Szegö references work of a number of people (Zernike, Hahn. Korous, Bottema, Van Veen and Spencer), and sketches a proof based on ideas of Sturm on comparison of solutions of two differential equations.

As it happens, it is better for our purposes to have explicit inequalities, and there is an elementary proof of the estimate
x_n\geq\sqrt{\frac{n-1}{2}},
which is only asymptotically weaker by a factor 2 from the previous formula. This is also explained by Szegö, and since the argument is rather cute and short, I will give a sketch of it.

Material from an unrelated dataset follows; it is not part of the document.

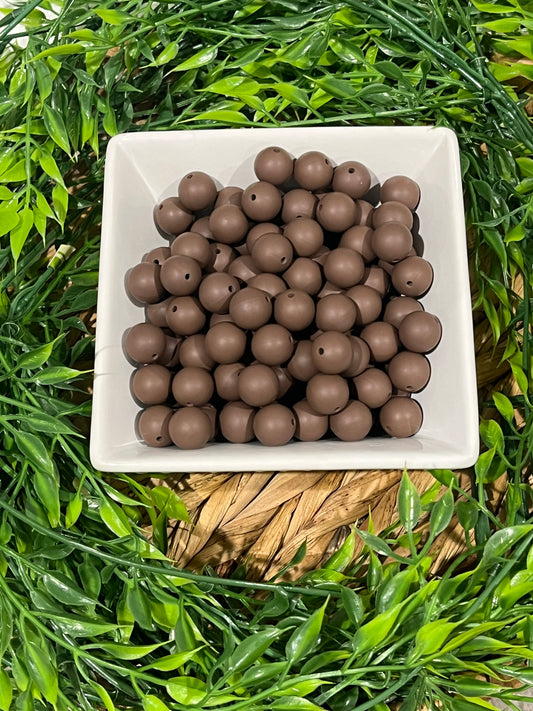 Silicone 15mm Coffee Brown Bead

Besides the fact that the zeros of H_n are real and simple, we will use the easy facts that \deg(H_n)=n, and that H_n is an even function for n even, and an odd function for n odd, and most importantly (since all other properties are rather generic!) that they satisfy the differential equation
y''-2xy'+2ny=0.

The crucial lemma is the following result of Laguerre:

Let P\in \mathbf{C}[X] be a polynomial of degree n\geq 1. Let z_0 be a simple zero of P, and let
w_0=z_0-2(n-1)\frac{P'(z_0)}{P''(z_0)}.
Then if T\subset \mathbf{C} is any line or circle passing through z_0 and w_0, either all zeros of P are in T, or both components of \mathbf{C}-T contain at least one zero of P.

Before explaining the proof of this, let’s see how it gives the desired lower bound on the largest zero x_n of H_n. We apply Laguerre’s result with P=H_n and z_0=x_n. Using the differential equation, we obtain
w_0=x_n-\frac{n-1}{x_n}.
Now consider the circle T such that the segment [w_0,z_0] is a diameter of T.

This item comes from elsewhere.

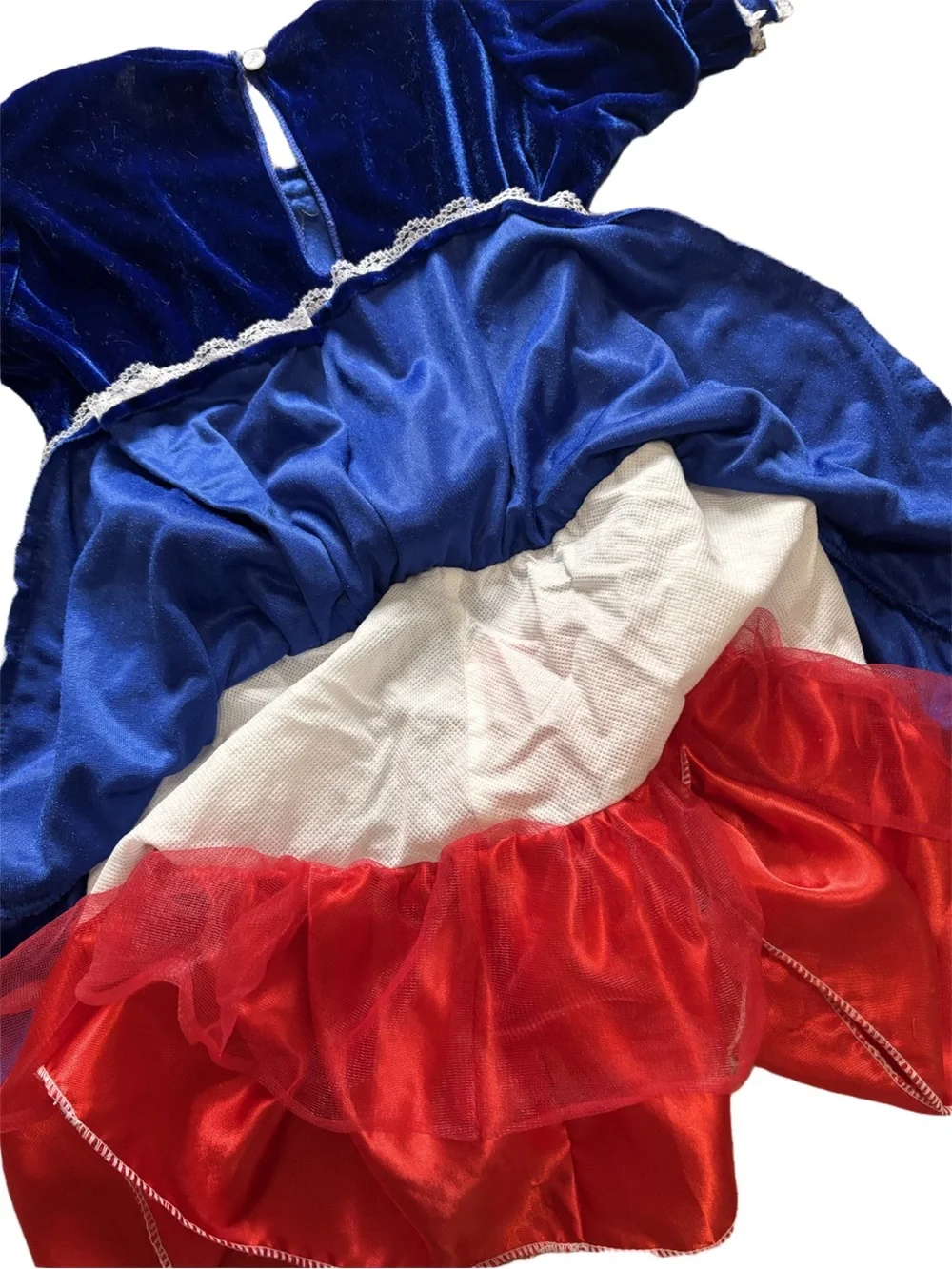 Girls Patriotic Velvet Costume Dress Red White Blue Size 7/8 Medium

Now note that -x_n is the smallest zero of H_n (as we observed above, H_n is either odd or even). We can not have w_0<-x_n: if that were the case, the unbounded component of the complement of the circle T would not contain any zero, and neither would T contain all zeros (since -x_n\notin T), contradicting the conclusion of Laguerre's Lemma. Hence we get -x_n\leq w_0=x_n-\frac{n-1}{x_n},
and this implies
x_n\geq \sqrt{\frac{n-1}{2}},
as claimed. (Note that if n\geq 3, one deduces easily that the inequality is strict, but there is equality for n=2.)

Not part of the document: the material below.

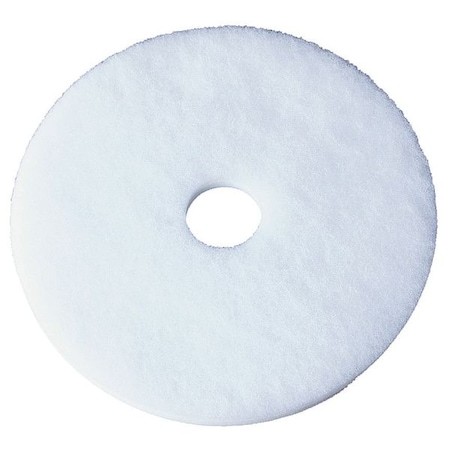 Scrubbing Pad, 13 in Dia, White, PK5 MPN:6DNA6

Now for the proof of the Lemma. One defines a polynomial Q by
P=(X-z_0)Q,
so that Q has degree n-1 and has zero set Z formed of the zeros of P different from z_0 (since the latter is assumed to be simple). Using the definition, we have
Q'(z_0)=P'(z_0),\quad\quad Q''(z_0)=\frac{1}{2}P''(z_0).
We now compute the value at z_0 of the logarithmic derivative of Q, which is well-defined: we have
\frac{Q'}{Q}=\sum_{\alpha\in Z}\frac{1}{X-\alpha},
hence
\frac{Q'}{Q}(z_0)=\sum_{\alpha\in Z}\frac{1}{z_0-\alpha},
which becomes, by the above formulas and the definition of w_0, the identity
\frac{1}{z_0-w_0}=\frac{1}{n-1}\sum_{\alpha\in Z}\frac{1}{z_0-\alpha},
or equivalently
\gamma(w_0)=\frac{1}{n-1}\sum_{\alpha\in Z}{\gamma(\alpha)},
where \gamma(z)=1/(z_0-z) is a Möbius transformation.

Recalling that |Z|=n-1, this means that \gamma(w_0) is the average of the \gamma(\alpha). It is then elementary that for line L, either \gamma(Z) is contained in L, or \gamma(Z) intersects both components of the complement of L. Now apply \gamma^{-1} to this assertion: one gets that either Z is contained in \gamma^{-1}(L), or Z intersects both components of the complement of \gamma^{-1}(L). We are now done, after observing that the lines passing through \gamma(w_0) are precisely the images under \gamma of the circles and lines passing through w_0 and through z_0 (because \gamma(z_0)=\infty, and each line passes through \infty in the projective line.)